Comunque finisca, Ahed Tamimi, è ora uno dei giovani simboli della sollevazione palestinese nei Territori occupati innescata dal riconoscimento fatto da Donald Trump di Gerusalemme come capitale di Israele. In rete è partito un appello per la sua liberazione e Twitter e Facebook sono stati inondati nelle ultime ore di notizie, foto e filmati sulla ragazza. Messaggi in suo sostegno sono giunti da ogni angolo del mondo arabo che sembra riscoprire la questione palestinese dimenticata in questi anni di “primavere arabe”, Isis e conflitti in Siria, Yemen e Iraq. In un documentario la ragazza arrestata dice di amare lo sport e racconta del suo sogno di diventare una calciatrice. «Ma c’è l’occupazione israeliana, senza i permessi degli israeliani non possiamo fare nulla e non riesco a vedere il mio futuro», aggiunge Ahed indicando un insediamento coloniale israeliano a breve distanza da Nabi Saleh.
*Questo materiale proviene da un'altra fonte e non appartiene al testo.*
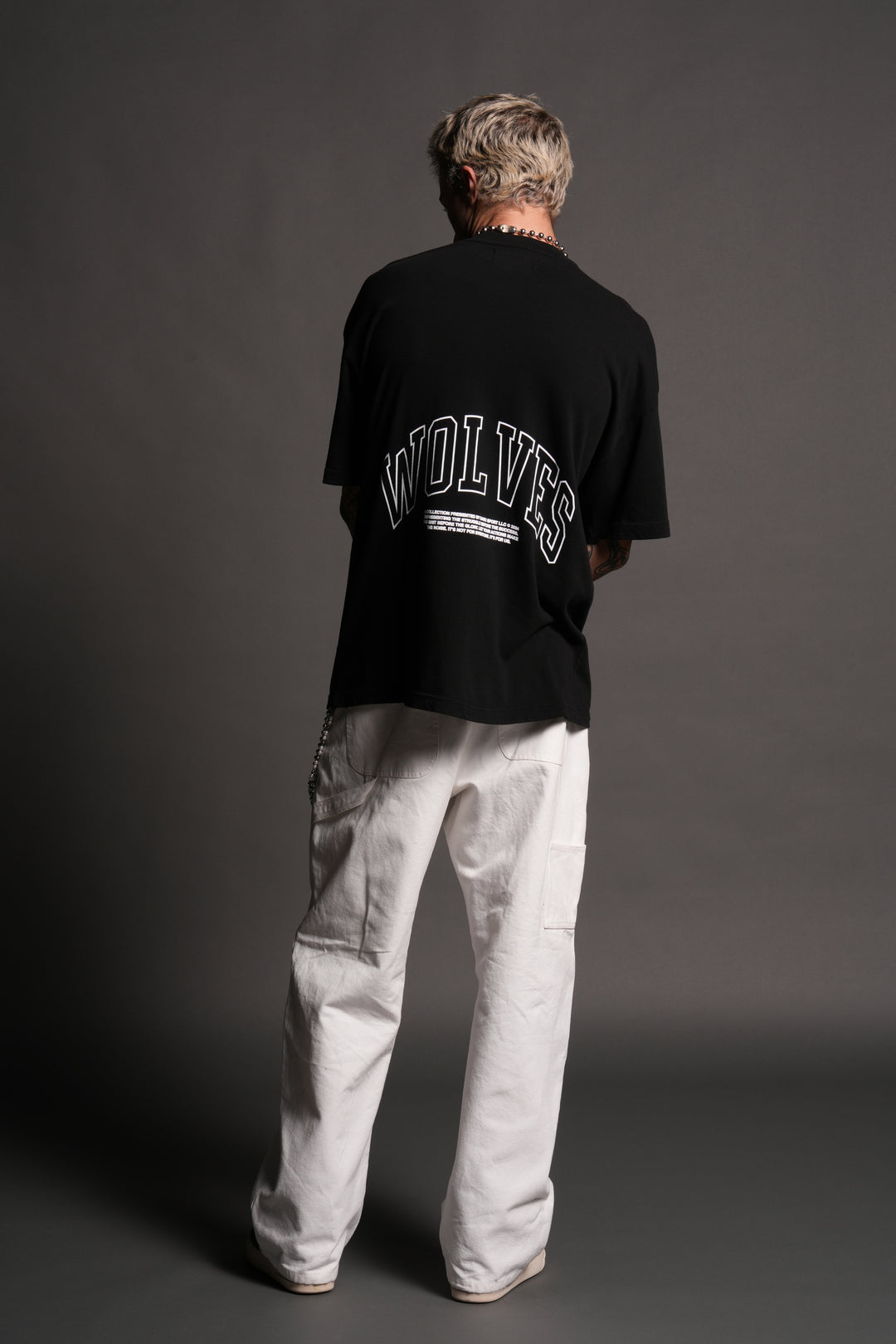 Rock V2 "Premium" Oversized Tee in Black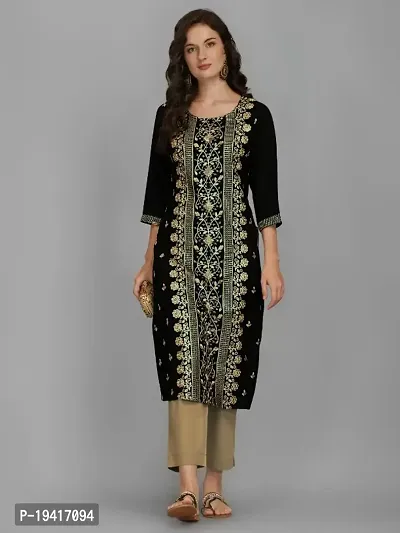 Stylish Fancy Viscose Rayon Kurta For Women-thumb0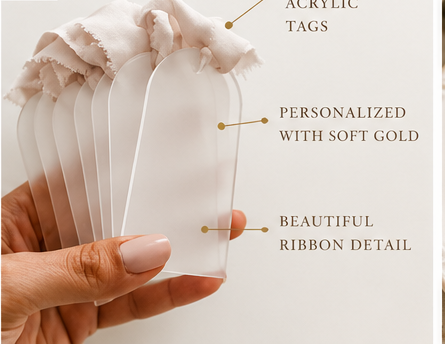 The Sweetest Seat | Personalized Acrylic Place Card Sets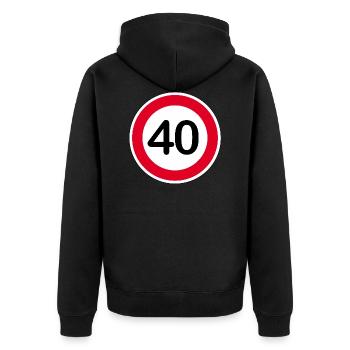 40 - Veste à capuche bio Premium Unisexe - noir - Dos - Nico (187cm)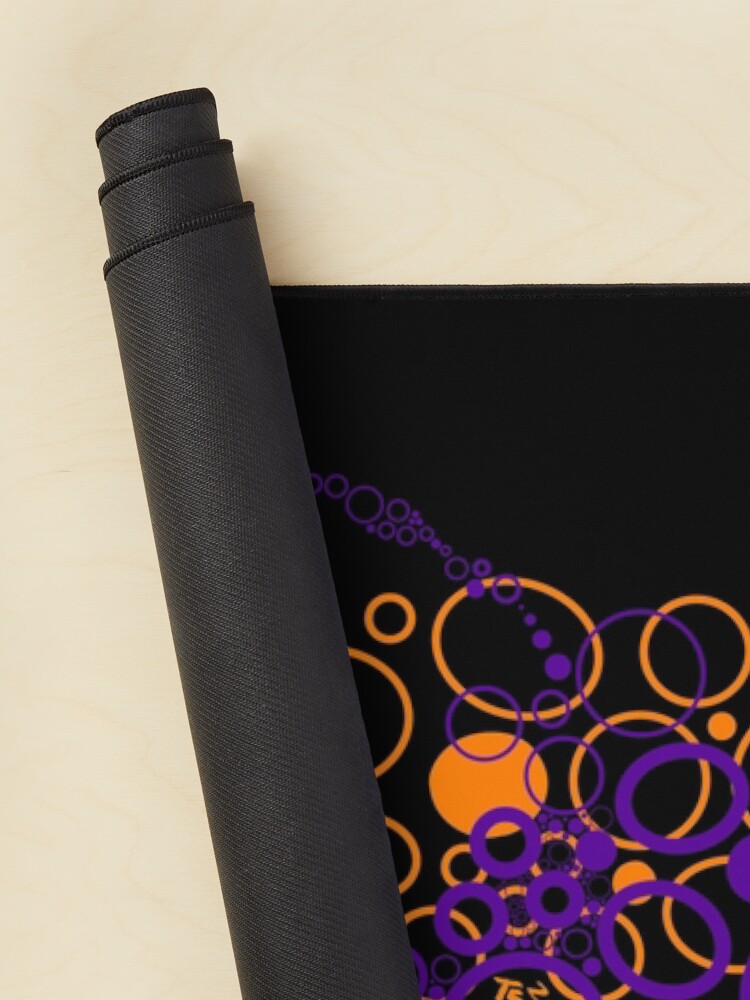 Alternate view of Orange & Purple circles Abstract Mouse Pad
«Ahed è un simbolo ma lo è ormai anche Ibrahim Abu Thuraya. La sua uccisione venerdì a Gaza ha scosso tutti i palestinesi e milioni di arabi», ci dice Nasser Atta, un giornalista, riferendosi al disabile palestinese colpito alla testa da un proiettile mentre partecipava a una manifestazione nei pressi della linea di demarcazione tra Gaza e Israele. «Nell’offensiva israeliana ‘Piombo fuso’ di nove anni fa – ricorda Atta – un missile sganciato israeliano spezzò le gambe a Ibrahim. Da allora viveva su di una sedia a rotelle ma lui non si era perduto d’animo, era sempre molto attivo». Le foto apparse in questi giorni mostrano immancabilmente Abu Thuraya con in mano la bandiera palestinese sulla sua sedia a rotelle o nelle campagne a ridosso del confine. Israele nega di averlo ucciso. L’esercito ha chiuso due giorni fa la sua inchiesta dichiarando di «non aver sparato intenzionalmente al palestinese disabile» e di non «potere determinarne la causa della morte». Una spiegazione inaccettabile per i palestinesi che insistono su una pallottola sparata dalle postazioni militari israeliane in una giornata di sangue che a Gaza e in Cisgiordania ha visto l’uccisione di quattro palestinesi e il ferimento di altre decine.

Virale in rete è anche l’immagine di un ragazzo bendato e circondato da due dozzine di soldati israeliani prima di essere detenuto. Quel ragazzo arrestato a Hebron per aver lanciato pietre ai soldati, durante le proteste del 7 dicembre contro la dichiarazione di Trump su Gerusalemme, è Fawzi al Junaidi, 16 anni. È in carcere, a Ofer, alla periferia di Ramallah. «Per una settimana è scomparso nel nulla» racconta il padre, Mohammad, «poi abbiamo saputo che tra qualche giorno sarà processato. Non siamo ottimisti, gli israeliani non lo libereranno». Per i palestinesi Ahed, Ibrahim e Fawzi sono l’espressione più alta di una rivolta di cui sono protagonisti i giovani e che ricorda sempre di più la prima Intifada, quella del 1987 popolare e spontanea.